You bet there is. RPI is 6-4-0 on the season (2-2-0 ECAC), hardly the kind of record that one would think justifies a top-ten ranking--especially considering that three of those losses came to lightly regarded teams, including home defeats to New Hampshire, Brown and Hockey East cellar-dweller Merrimack.
In light of that 1-3 home record, the home fans of Houston Field House actually started chanting, "Pretend you're on the road! Pretend you're on the road!" during Friday's game with Brown. But hold the phone, guys. With away wins at Boston University and Maine (numbers two and four, respectively, in the country), and a big out-of-conference win over Bowling Green, the Engineers have proven that they can skate with any team in the country. Still, how can they calm down?
"If I could tell you the solution, we'd be a better club," RPI netminder Neil Little said. He, in truth, is the only reason that his school isn't 0-4 at home, thanks to his 45-save showing against the Crimson. "We're up one night and down the next, and really we've got to strive to stay focused and consistent within the system our coaches have us playing in. I'd admit it--we're struggling right now."
"Although [Saturday] was a big win for us, we still made a lot of mistakes and did a lot of things poorly," captain Ron Pasco said. "There's a long way to go, to be sure, and hopefully we can use this win to boost our confidence and help us play a little more composed in the future."
Obviously, should the Engineers start clicking on all cylinders, they could yet be the scary team from the ECAC, one worthy of the consensus preseason favorite's mantle. But until RPI finds that level of consistency, the only ones it will continue to scare are its own fans.

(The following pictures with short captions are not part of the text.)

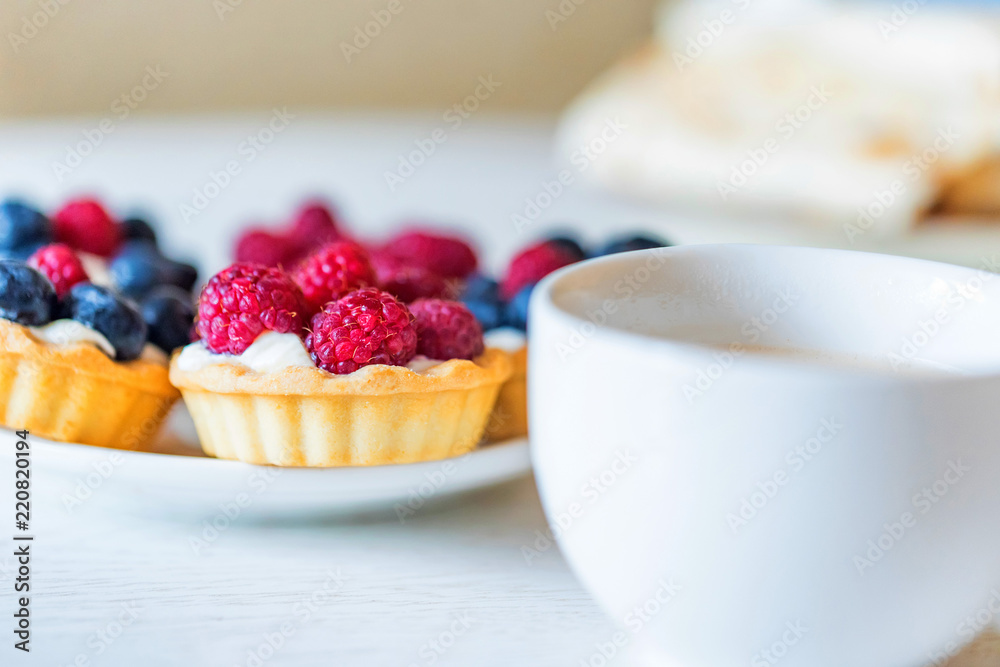 Sweet tarts with mixed berries on a plate Sweet tarts with mixed berries on a plate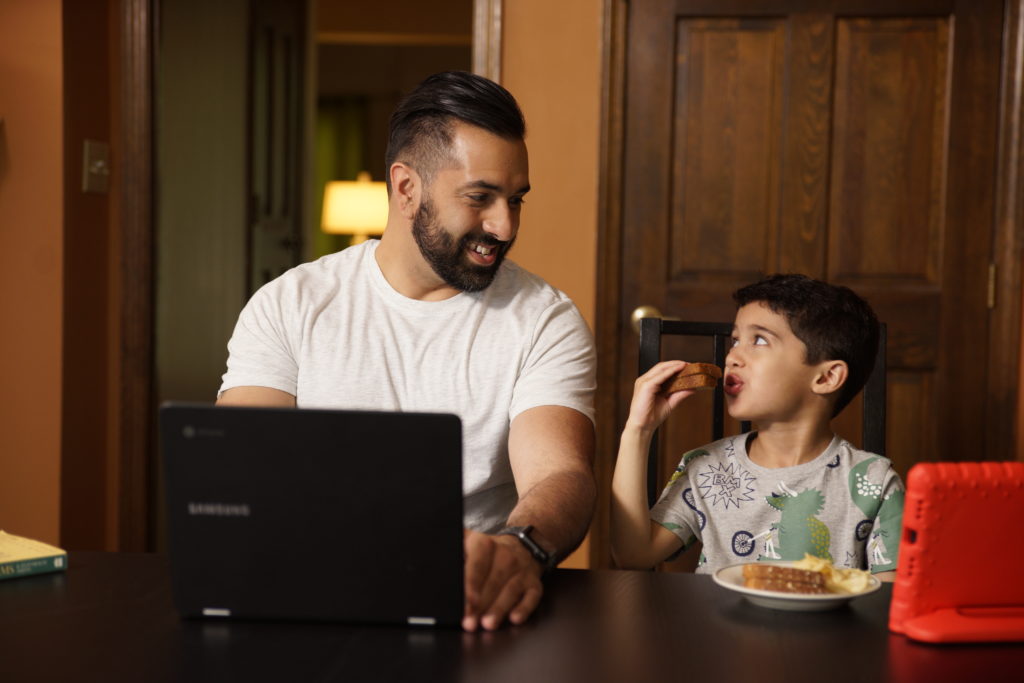 UofL online student having lunch with child while working on computer at home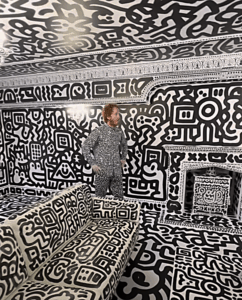 Mr Doodle standing in his house with the walls decorated by his doodles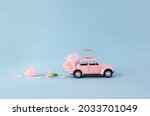 Gold wedding rings on miniature toy retro car decorated with pink flowers on blue background. The concept of marriage. Copy space.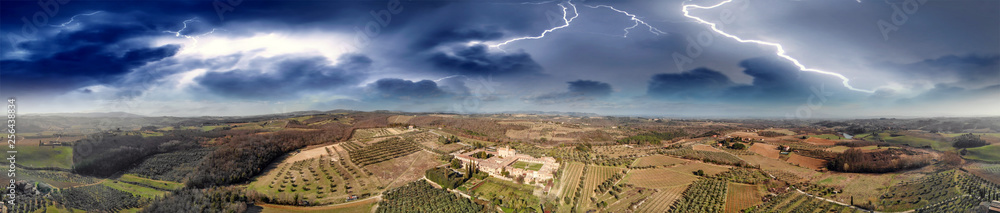 Fototapeta premium Amazing panoramic aerial view of Pontignano Charterhouse near Siena with storm approaching, Tuscany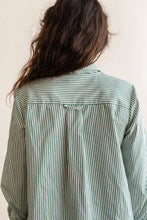 Load image into Gallery viewer, Back view of lady wearing Butano Button Up showing a hanging loop from the yoke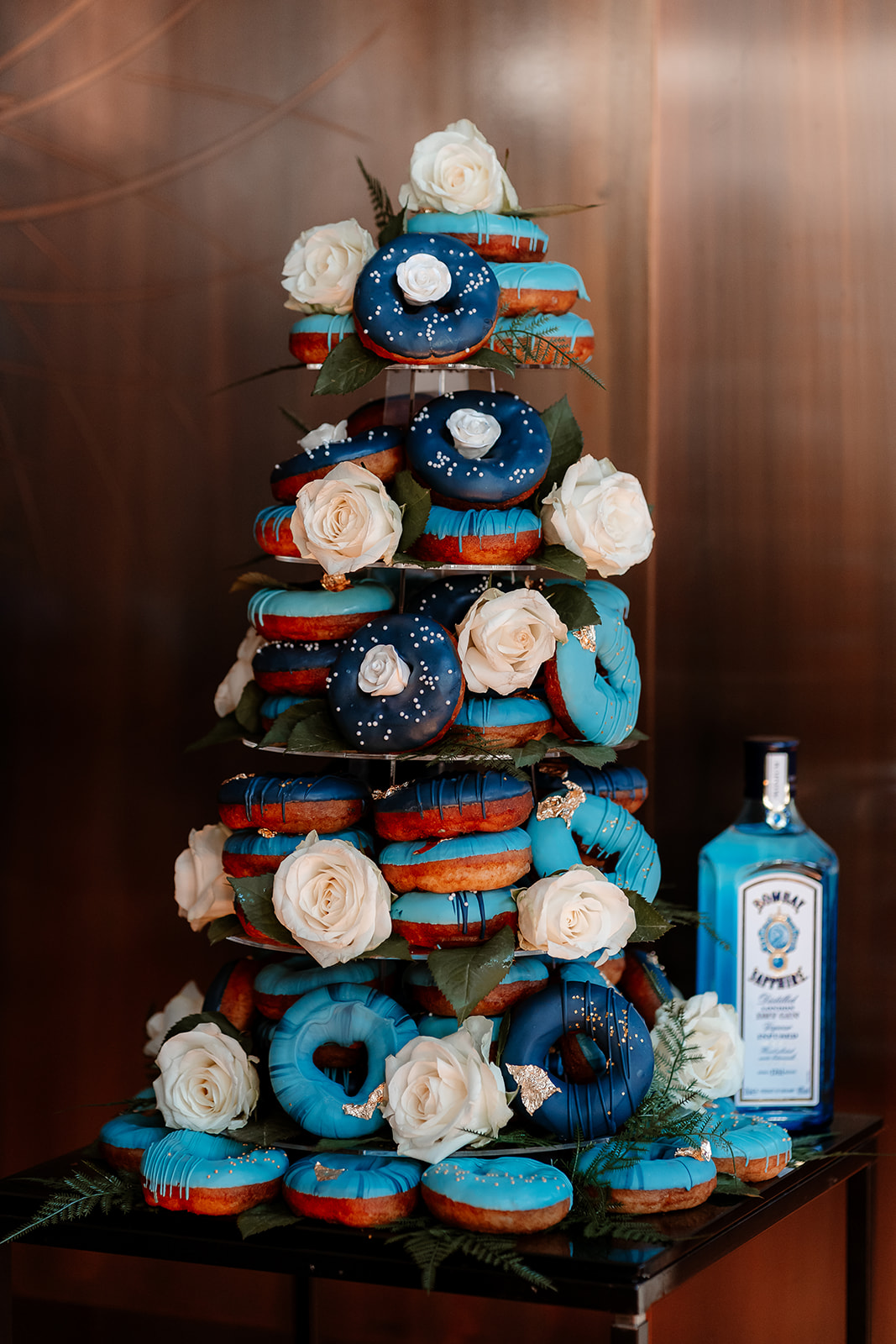 A tower of ring doughnuts decorated with blue icing and white roses next to a bottle of Bombay Sapphire gin. 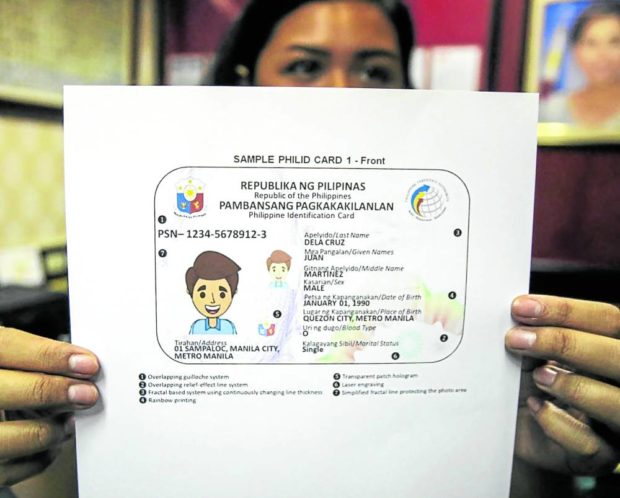 A congressional worker shows a sample of the PhilSys ID presented to the House of Representatives. STORY: Gov’t issues temporary PhilSys ID cards on paper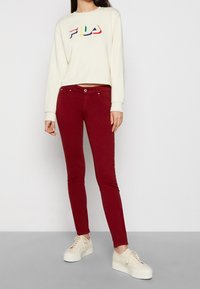 Bílá zkrácená mikina s vícebarevným logem FILA, spárována s těsnými vínovými kalhotami a béžovými platformovými teniskami.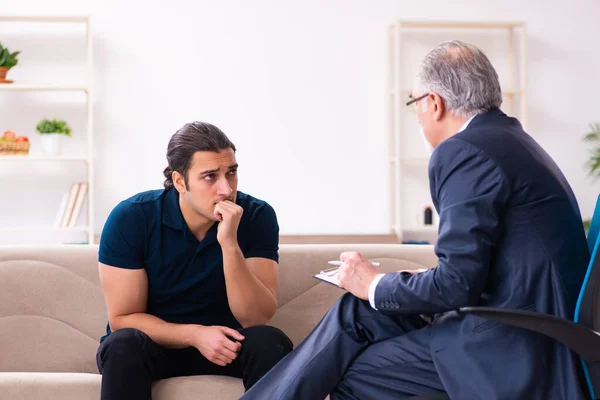 Young man visiting old male psychologist — Stock Photo, Image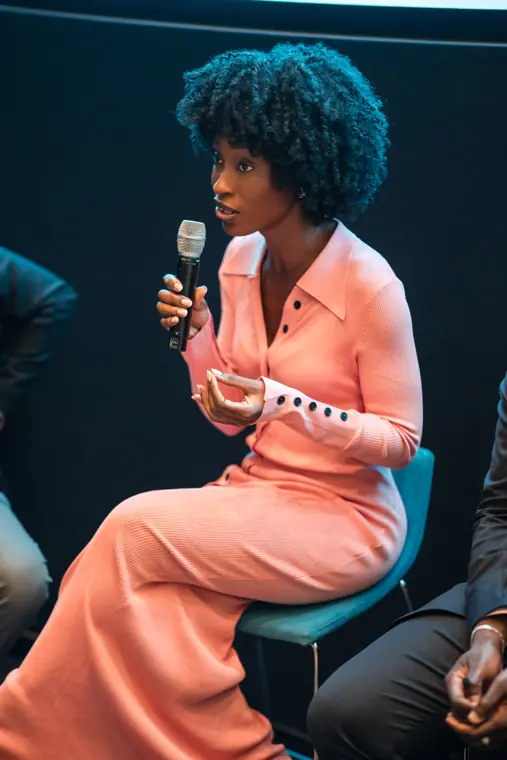 A panelist responds during the conversation.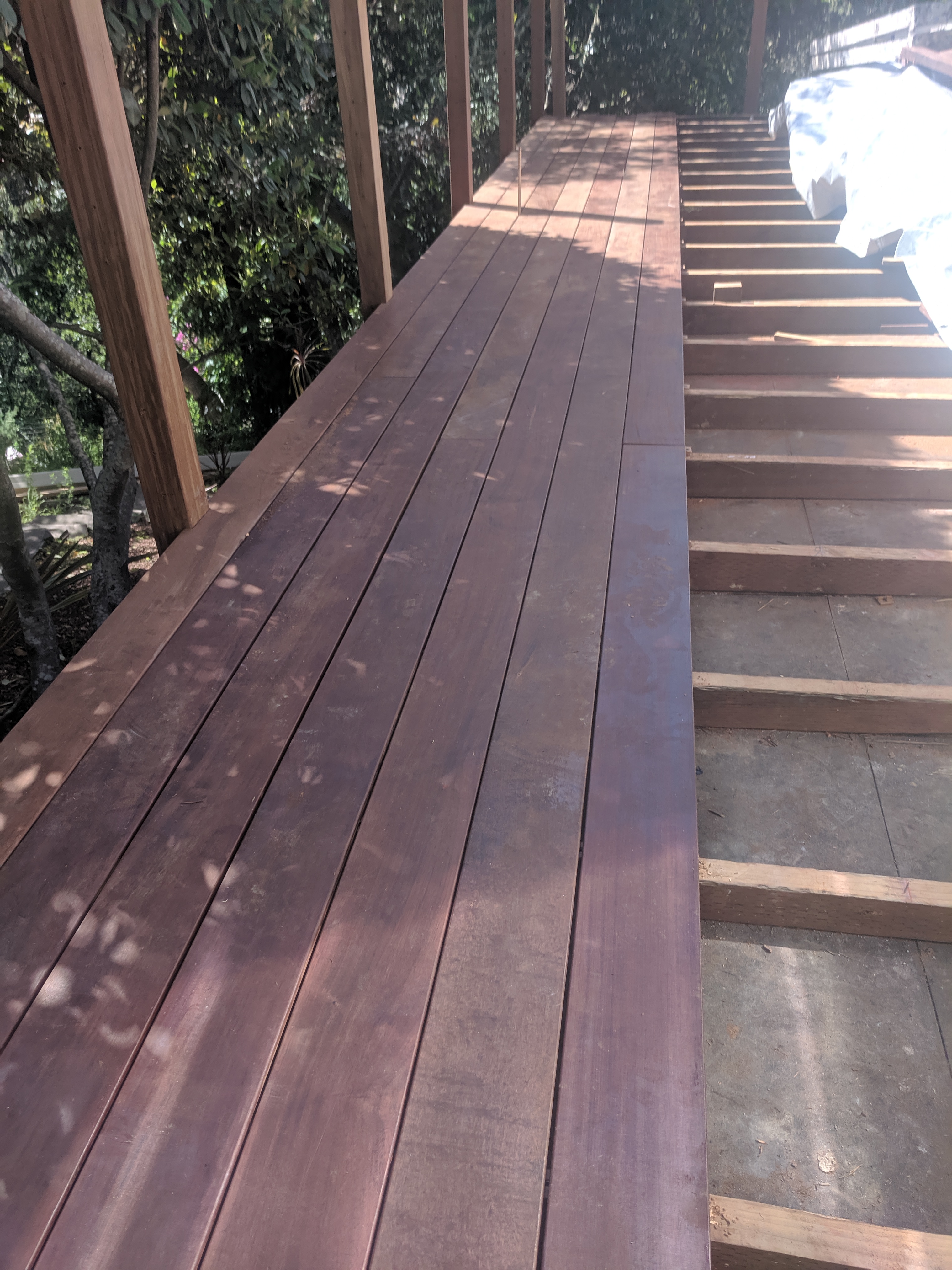 In the process of applying a floating redwood wooden deck in Corte Madera, Marin County, CA. 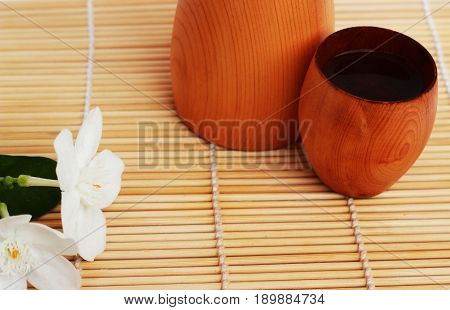 SAKE liqueur in a brown wooden bottle on a light brown background.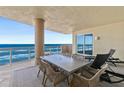 Oceanfront balcony with patio furniture, offering breathtaking ocean views at 1925 S Atlantic Ave # 706, Daytona Beach, FL 32118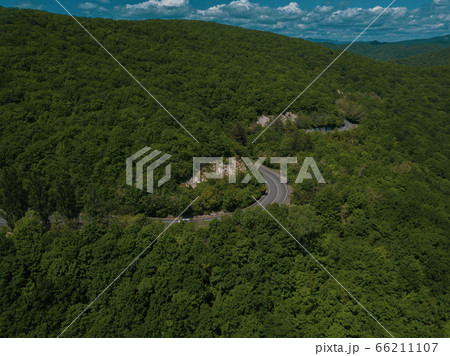 Mountain winding zig zag road. Top aerial view: cars driving on road from above. Mountain winding zig zag road. Top aerial view: cars driving on road from above. 66211107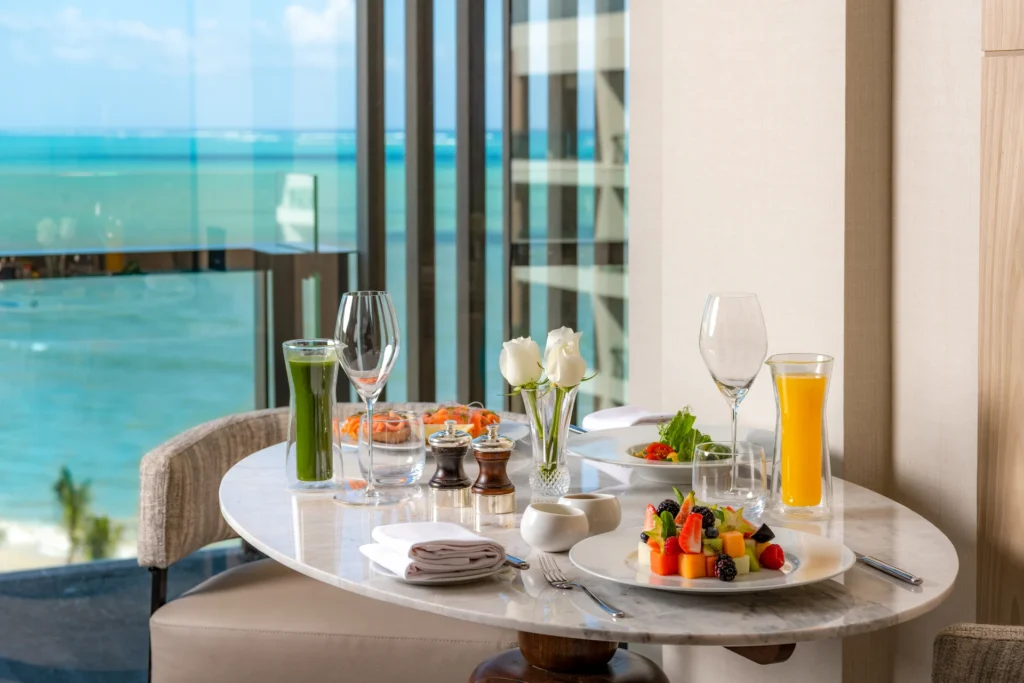 Elegant in-room breakfast with ocean view at Waldorf Astoria Cancun – A luxurious start to your day in the comfort of your suite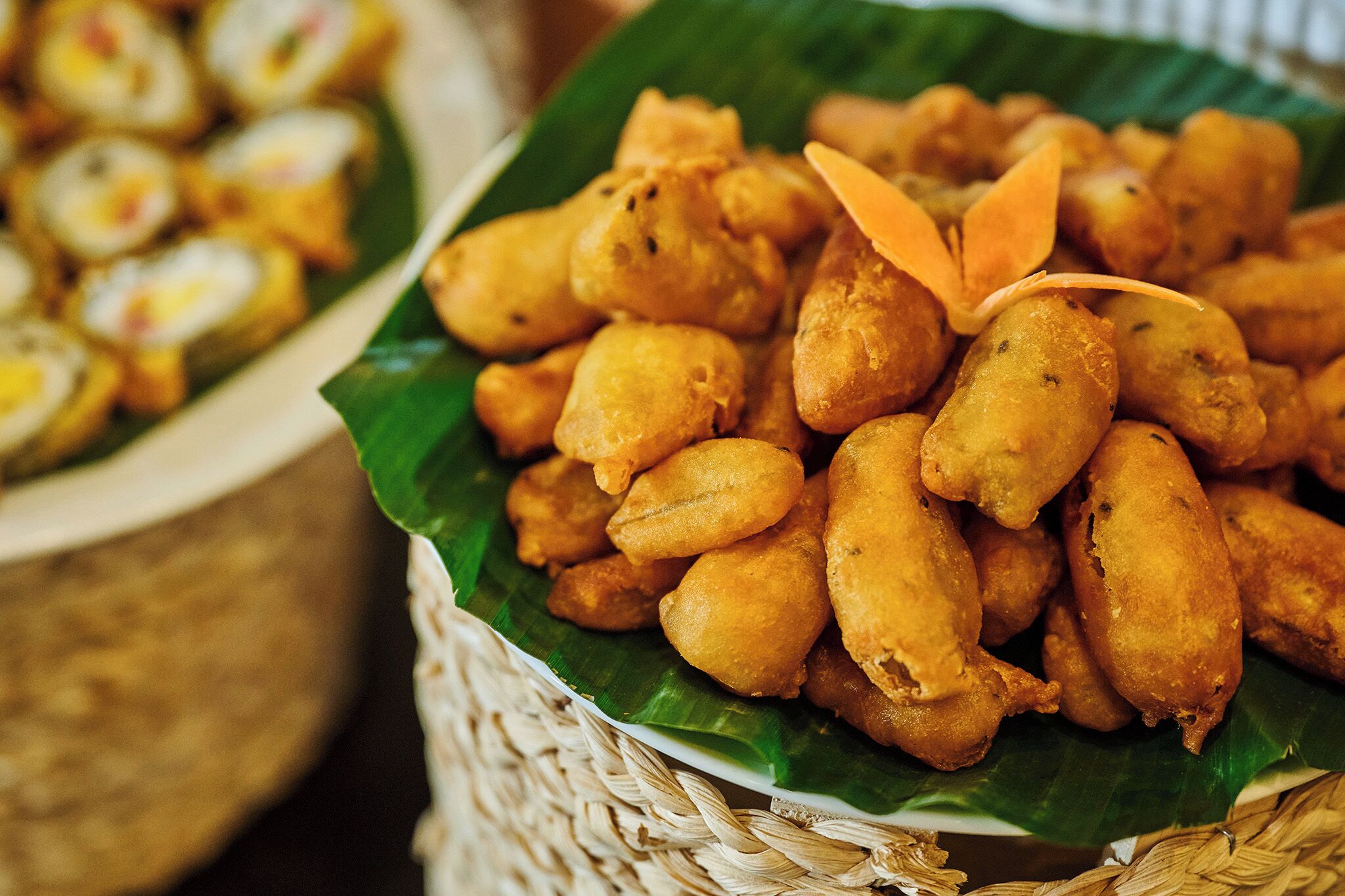 A basket of fried snacks on a banana leaf.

One and one, down one: The Crimson's split with Union and RPI knocked it down a notch to 10th in the latest Troy Record national collegiate hockey poll.
With 54 points, Harvard (5-2-1, 5-2-1 ECAC) is eerily one point ahead of Northern Michigan, the school that knocked the Crimson out of the NCAA tournament last March in Worcester, Mass. Lightly regarded coming into the year, the Wildcats continue to show that such an upset is no fluke, last weekend splitting two games with sixth-ranked Wisconsin.
Michigan (12-1-1) became the first team this year to garner all 27 first-place votes on the strength of a two-game sweep of Western Michigan. And the two Hockey East powerhouses? BU swept Merrimack to leap up and claim the second spot in the nation, while pesky Northeastern split two with Maine and dropped the Black Bears two slots to fourth.
Harvard Shorts: No truth to the rumor that freshman Ethan Philpott is still in Coach Ronn Tomassoni's doghouse for making an obscene gesture in the Cornell game several weeks ago. According to Tomassoni, his shoulder has been acting up again, forcing him to sit on the sidelines for both games last weekend. When healthy, Philpott will battle senior Ian Kennish for a fourth-line winger spot...Speaking of Kennish, he's one of only two right-handed shots among the 12 forwards in the current Crimson configuration, sophomore Kirk Nielsen being the other. Hard to figure...Tomassoni is still solidly behind both of his goaltenders, sophomores Aaron Israel and Tripp Tracy, even in light of the latter's spotty play of late.
"It's a long season, and there are certain times when one is going to play better than the other," he said.
And in light of the Crimson's current slump in scoring on the five-on-five, Tomassoni has another theory. "We're averaging over 18 penalty minutes a game, our opponents even more than that," he said. "There's not a lot of time left for five-on-five play, is there?" Some of those minutes do cancel each other out in the form of coincidental minor penalties. Just the same, he's got a point.